Niko Kovac wechselt zur Pause zweimal, bringt Ramy Bensebaini und Serhou Guirassy. Der BVB spielt eine grandiose zweite Halbzeit und lässt den HSV überhaupt nicht mehr durchatmen. Trotzdem steht es 20 Minuten vor dem Ende noch immer 0:2. Dann wird daraus innerhalb von nur elf Minuten ein 3:2 – tatsächlich sind es die beiden Halbzeit-Joker Ramy Bensebaini und Serhou Guirassy, die treffen. Die beiden eiskalt verwandelten Elfmeter von Bensebaini bedeuten ein Novum: Erstmals bekommt unsere Borussia in einem Bundesliga-Spiel drei Elfmeter zugesprochen! Am Ende stehen 24:4 Torschüsse und ein Expected-Goals-Wert von 6,00 zu Buche – der höchste seit Erfassung dieser Daten!

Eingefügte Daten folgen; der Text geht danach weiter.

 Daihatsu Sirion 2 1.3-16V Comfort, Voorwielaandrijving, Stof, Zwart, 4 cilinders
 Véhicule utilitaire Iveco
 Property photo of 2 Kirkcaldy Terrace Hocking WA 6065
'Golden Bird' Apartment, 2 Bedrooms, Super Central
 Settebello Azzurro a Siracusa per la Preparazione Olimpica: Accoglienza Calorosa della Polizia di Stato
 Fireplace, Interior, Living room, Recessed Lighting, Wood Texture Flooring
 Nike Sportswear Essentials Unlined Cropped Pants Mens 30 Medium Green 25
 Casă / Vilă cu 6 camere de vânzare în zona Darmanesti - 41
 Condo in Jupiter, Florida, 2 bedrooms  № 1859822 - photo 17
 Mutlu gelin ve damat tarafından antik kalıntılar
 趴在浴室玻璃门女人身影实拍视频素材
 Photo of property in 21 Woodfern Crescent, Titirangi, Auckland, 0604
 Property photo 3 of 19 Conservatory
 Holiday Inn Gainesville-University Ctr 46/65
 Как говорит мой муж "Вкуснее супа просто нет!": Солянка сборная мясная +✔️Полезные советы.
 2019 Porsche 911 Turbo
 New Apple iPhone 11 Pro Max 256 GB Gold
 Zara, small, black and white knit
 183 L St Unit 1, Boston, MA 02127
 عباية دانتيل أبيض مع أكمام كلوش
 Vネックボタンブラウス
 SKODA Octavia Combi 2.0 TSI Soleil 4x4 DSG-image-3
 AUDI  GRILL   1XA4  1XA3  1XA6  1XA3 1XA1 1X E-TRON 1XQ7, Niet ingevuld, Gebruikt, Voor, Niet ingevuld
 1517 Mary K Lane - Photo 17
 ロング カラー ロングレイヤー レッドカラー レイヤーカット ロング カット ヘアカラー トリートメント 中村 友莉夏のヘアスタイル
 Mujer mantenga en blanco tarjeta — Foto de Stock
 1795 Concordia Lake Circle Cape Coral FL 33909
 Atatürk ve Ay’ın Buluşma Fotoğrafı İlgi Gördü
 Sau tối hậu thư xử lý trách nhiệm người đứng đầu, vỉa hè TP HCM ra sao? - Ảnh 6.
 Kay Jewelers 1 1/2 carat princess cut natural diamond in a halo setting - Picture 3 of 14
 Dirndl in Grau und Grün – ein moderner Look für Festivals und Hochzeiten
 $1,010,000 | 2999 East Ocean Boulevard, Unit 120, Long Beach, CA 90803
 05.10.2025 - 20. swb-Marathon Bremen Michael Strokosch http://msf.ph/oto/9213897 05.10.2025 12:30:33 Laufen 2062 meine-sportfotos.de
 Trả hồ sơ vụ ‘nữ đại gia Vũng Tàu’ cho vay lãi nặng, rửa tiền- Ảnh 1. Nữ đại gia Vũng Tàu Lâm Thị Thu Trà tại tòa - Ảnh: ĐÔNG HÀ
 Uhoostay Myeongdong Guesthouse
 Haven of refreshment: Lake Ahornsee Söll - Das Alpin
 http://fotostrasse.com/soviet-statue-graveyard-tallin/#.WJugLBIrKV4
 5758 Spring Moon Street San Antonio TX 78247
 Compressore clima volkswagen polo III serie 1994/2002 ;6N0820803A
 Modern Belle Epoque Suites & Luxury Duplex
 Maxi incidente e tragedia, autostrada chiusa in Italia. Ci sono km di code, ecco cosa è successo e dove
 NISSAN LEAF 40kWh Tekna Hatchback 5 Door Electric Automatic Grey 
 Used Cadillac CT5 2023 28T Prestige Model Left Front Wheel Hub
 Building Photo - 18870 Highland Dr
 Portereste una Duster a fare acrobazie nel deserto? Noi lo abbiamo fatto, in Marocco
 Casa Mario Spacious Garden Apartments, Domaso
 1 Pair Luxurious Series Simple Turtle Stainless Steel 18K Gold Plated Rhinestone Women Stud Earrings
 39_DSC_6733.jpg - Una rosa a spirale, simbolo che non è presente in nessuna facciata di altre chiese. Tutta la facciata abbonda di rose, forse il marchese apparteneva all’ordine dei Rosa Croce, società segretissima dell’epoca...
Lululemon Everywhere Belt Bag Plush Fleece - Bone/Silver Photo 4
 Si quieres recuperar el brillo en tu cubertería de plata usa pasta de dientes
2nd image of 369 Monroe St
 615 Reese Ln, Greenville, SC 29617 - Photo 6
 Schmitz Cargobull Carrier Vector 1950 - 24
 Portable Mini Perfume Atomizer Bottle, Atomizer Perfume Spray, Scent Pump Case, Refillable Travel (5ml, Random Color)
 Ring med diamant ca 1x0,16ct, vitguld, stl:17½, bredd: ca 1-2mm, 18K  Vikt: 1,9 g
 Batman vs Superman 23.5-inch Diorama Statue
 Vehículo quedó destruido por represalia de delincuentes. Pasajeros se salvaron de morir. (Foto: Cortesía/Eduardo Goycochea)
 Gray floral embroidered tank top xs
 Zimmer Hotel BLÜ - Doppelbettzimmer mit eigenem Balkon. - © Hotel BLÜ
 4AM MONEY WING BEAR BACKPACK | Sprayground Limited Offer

„Wir haben alles gegeben und nie aufgegeben.“ – Waldemar Anton
Der energiegeladene Vortrag im zweiten Abschnitt hat einmal mehr diese unglaubliche Wucht auf den Rängen entfacht, die unser Stadion weltberühmt gemacht hat. „Es gibt solche Spiele, in denen dir lange Zeit nichts gelingen will. Aber das ist dann eine Charaktersache“, diktiert ein bestens aufgelegter Waldemar Anton nach Spielende in die Notizblöcke der Journalisten. „Der Charakter war da. Die Mentalität war da. Wir haben alles gegeben und nie aufgegeben. In diesem Stadion mit diesen Fans im Rücken musst du bis zur letzten Sekunde daran glauben, weil es eine Aura in diesem Stadion gibt, die der Gegner spürt. Und dann kannst du solche Spiele noch drehen.“
Lothar Huber, Niclas Jensen und Waldemar Anton haben uns an ihren Erinnerungen an unvergessene Spiele teilhaben lassen, die zeigen, dass Comebacks kein Zufall sind, sondern Ausdruck von Mentalität und Haltung. Manche Spiele bleiben eben nicht allein wegen des Ergebnisses im Gedächtnis, sondern weil sie erklären, wofür ein Verein steht. Und wer solche Geschichten erlebt hat, weiß: Ein frühes Gegentor im schönsten Stadion der Welt ist manchmal weniger ein Problem – als der Anfang von etwas Unvergesslichem.